Celeste

Have I Been Here Before?

The funny thing about travel is that a new place never feels like you expect. Touching down at MSY wasn’t some magical experience. It felt exactly like landing at LAX, or Newark, or any of the other array of beige American airports in which I’ve had the pleasure of spending time. It wasn’t until we all met up and stepped outside into the 92-degree Louisiana heat and humidity that I truly felt like I had left Los Angeles. After somehow fitting ten people, lots of very big suitcases (including mine), and an excessive amount of groceries into a white sprinter van reminiscent of every kidnapping movie I’ve ever seen, we were off to Grand Isle.

We drove through strips of marsh, swampland, and seemingly endless sugar fields. Cyprus trees were draped in swaths of Spanish moss, giving the entire scenery a distinctly eerie (albeit beautiful) air. I was once again struck by the desire to compare this drive to places I’ve been before. The swamps were like the road trips I had done from Vermont to the Maine coast, always keeping my eyes peeled for moose (though now it was alligators I was trying to find). The palm trees brought back Los Angeles and the Spanish moss a childhood trip to Florida. As we drove further and the trees began to become more sparse, the water more expansive, roads level with the marsh around us. Once again, I was reminded of somewhere else – driving through the Netherlands, a country where I’ve spent a significant amount of time, a flat expanse of canals and farmland. If not for the lack of windmills, southern Louisiana might as well have been the A4 highway. 

This habit of comparing went on and on and on as the first day passed. Everywhere I turned in Grand Isle, I was reminded of areas in New England — Maine here, rural New Hampshire there, the town in Vermont in which I used to take violin lessons. It began to grate at my nerves. Why was everything a reminder of something else? I wanted to enjoy this experience, feel grounded in this place and time, yet everywhere I looked I was reminded of the past. 

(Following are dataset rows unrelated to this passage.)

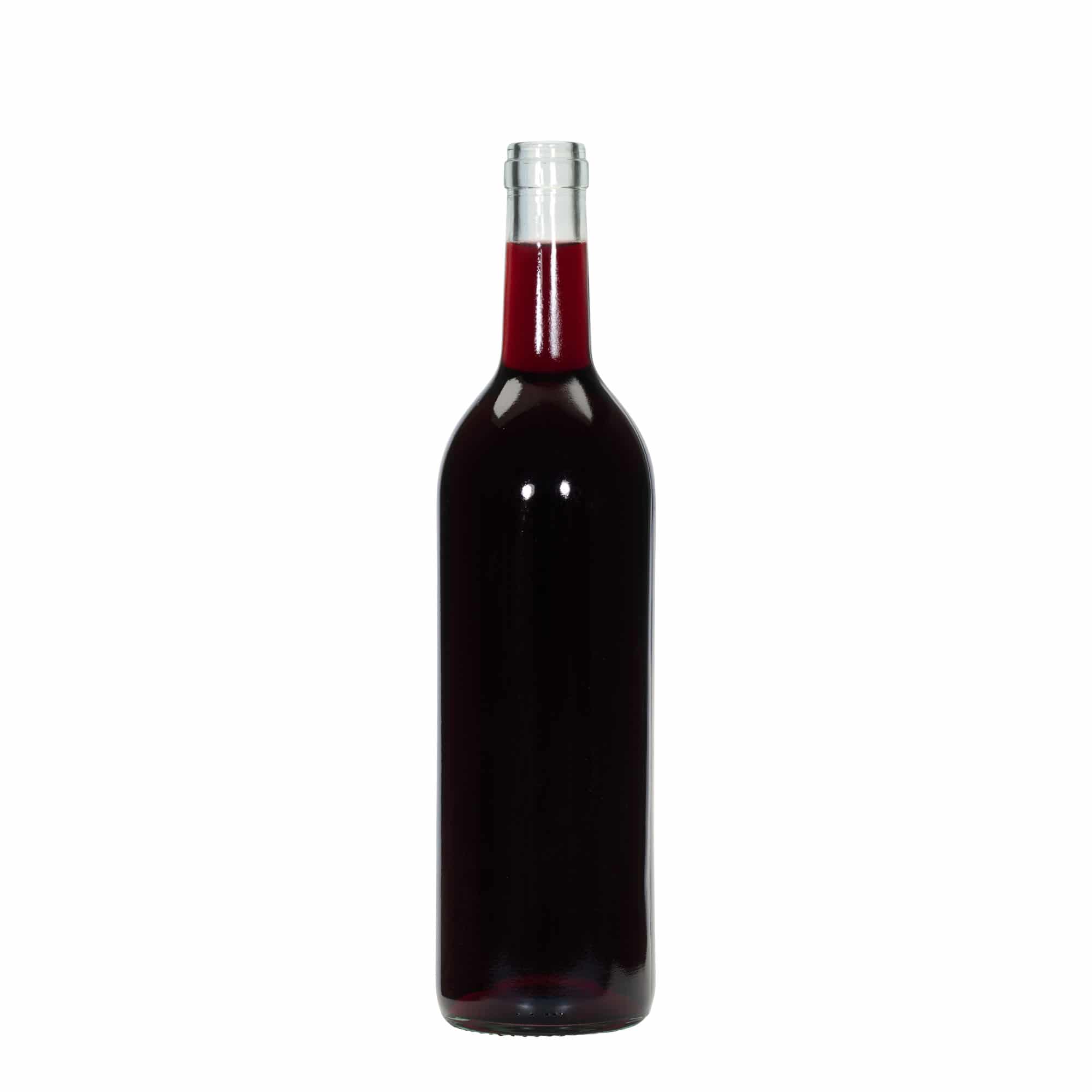 Sklenená fľaša 750 ml 'Bordeaux Tradition', hrdlo: korok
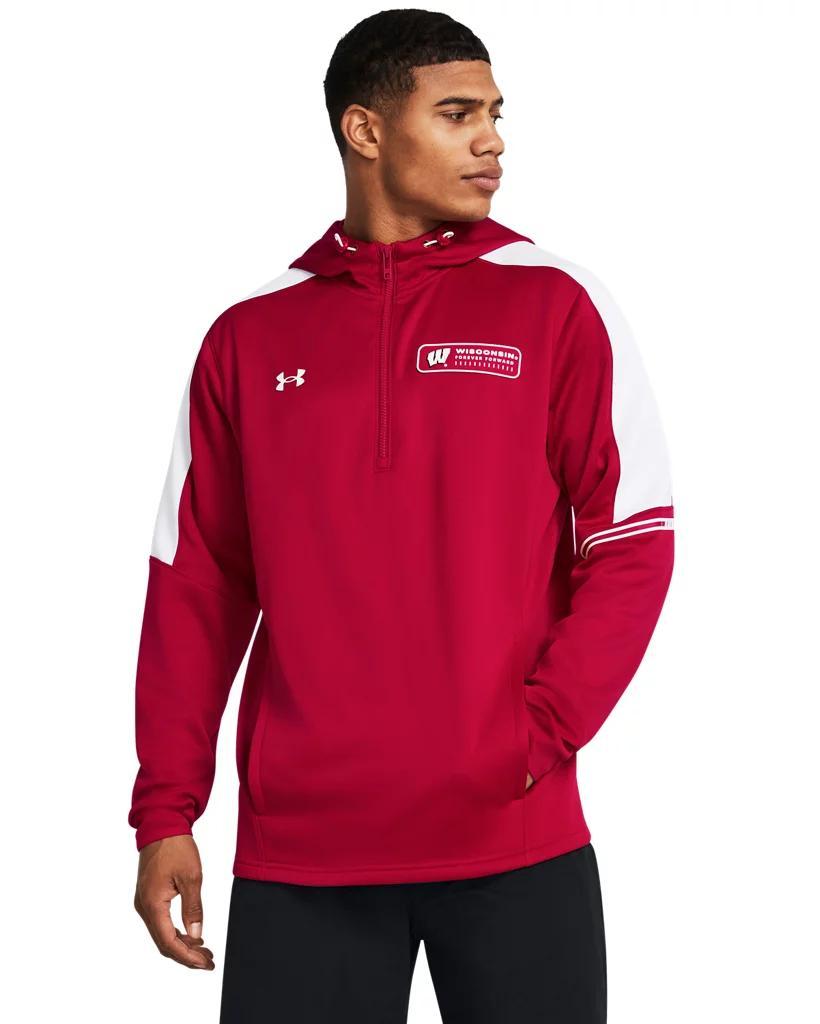 Men's Armour Fleece® Collegiate ½ Zip Product Image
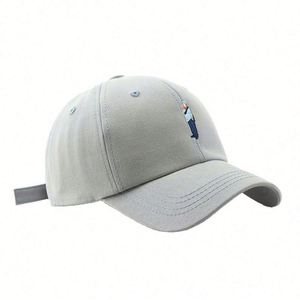 หมวกปักลายน่ารัก หมวกเบสบอลแบบปรับได้ หมวกแก๊ปหลากสี หมวกทรัคเกอร์ปักโลโก้ 5 ชิ้น ผ้าแคนวาส 100% ผ้าฝ้าย - Product Image 6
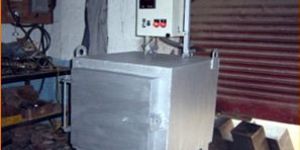 6 Kw Oven for Aluminum Melting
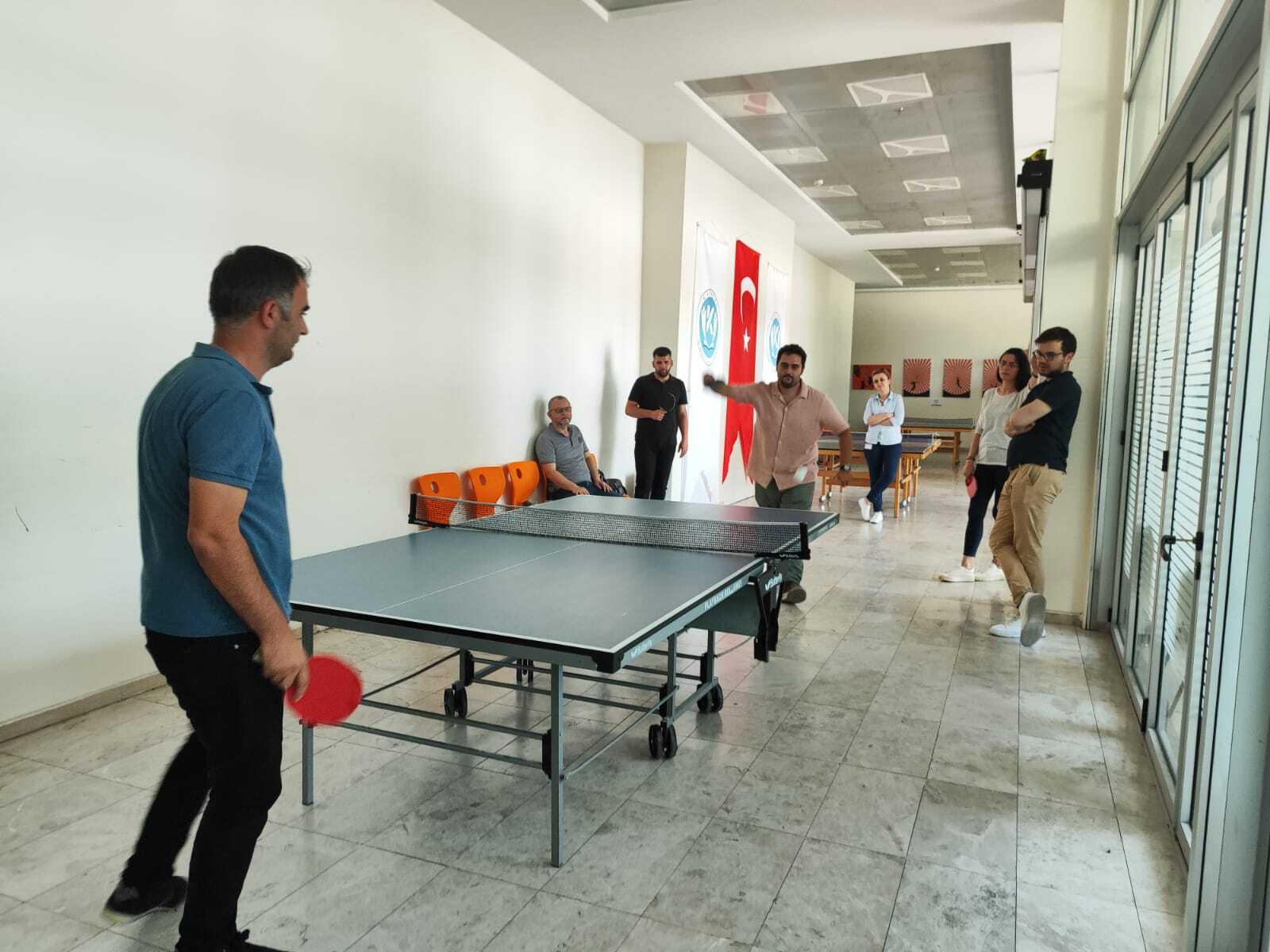 Birim İçi Masa Tenisi Turnuvası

Time itself seems to move differently on a place like Grand Isle. It doesn’t run a straight path – it swells, stretches, and congeals again into a sticky haze. The first day bled into the second and the third, and most of my memories muddy together. I do remember, however, my first time on the beach. It was evening, which meant the humidity that had so intensely permeated the air before had lessened, replaced by a refreshing warm breeze coming off of the sea. It was picturesque by any definition, and yet once again I felt in the back of my mind something missing, a certain lack of satisfaction that comes from a completely new experience.

This changed, however, once I began to read Kate Chopin’s The Awakening. Set in Grand Isle in the 1870s, the book describes the atmosphere of the island with the same reverence Chopin attributes to her characters. 

The sea was quiet now, and swelled lazily in broad billows that melted into one another and did not break except upon the beach in little foamy crests that coiled back like slow, white serpents.
— The Awakening, Kate Chopin (pg 70)

Chopin describes the island as “a delicious picture I just wanted to sit and look at (pg 41).” If I had been reading this book from my apartment in LA, I would have pictured something completely different from the isle I was now on — clear skies, cerulean water, colonial-style beach houses lining the streets, cypress trees swaying in a cooling breeze. It was interesting to reconcile this mental image with what I was actually seeing: houses raised on stilts, buildings still wrecked from hurricane Ida, tractors and ATVs as common as cars, swampy mosquito-infested marshlands. Nor was this mental image similar to the original comparisons I’d made of the island, not to Maine, rural Vermont, or California beach towns. While reading the book, I went out to the porch of our house (nicknamed, for some inexplicable reason, ‘H2O Psycho’) and sat facing the waves. Every time I came to a description of the island, especially the ocean, I would look up and try to recognize Kate Chopin’s novel in my field of vision. While significantly slowing down my reading process, I found myself enjoying the experience of understanding a book this way. I was no longer seeing Grand Isle through my own eyes, through every place I’d ever seen before in my life. I was seeing through the eyes of Edna Pontellier, and the place I was seeing was the same one that changed her fundamentally, ‘woke her up.’ I began to sense the “seductive odor of the sea… the sight of the water stretching so far away, those motionless sails against the blue sky.” This wasn’t the past, or if it was, it certainly wasn’t my past. Reading through Edna’s eyes helped to ground me in the present moment, something I desperately craved after my chaotic last month in LA. Like Edna, I was here on this island at this moment. When I went swimming again in the sea, my arms outstretched in the direction of the horizon, I thought about Edna’s experience with the water in the book, the desire she has to go further and keep swimming, and then I thought about my own. I felt the warm water, the sand underneath my feet, and finally, I felt like I was truly there.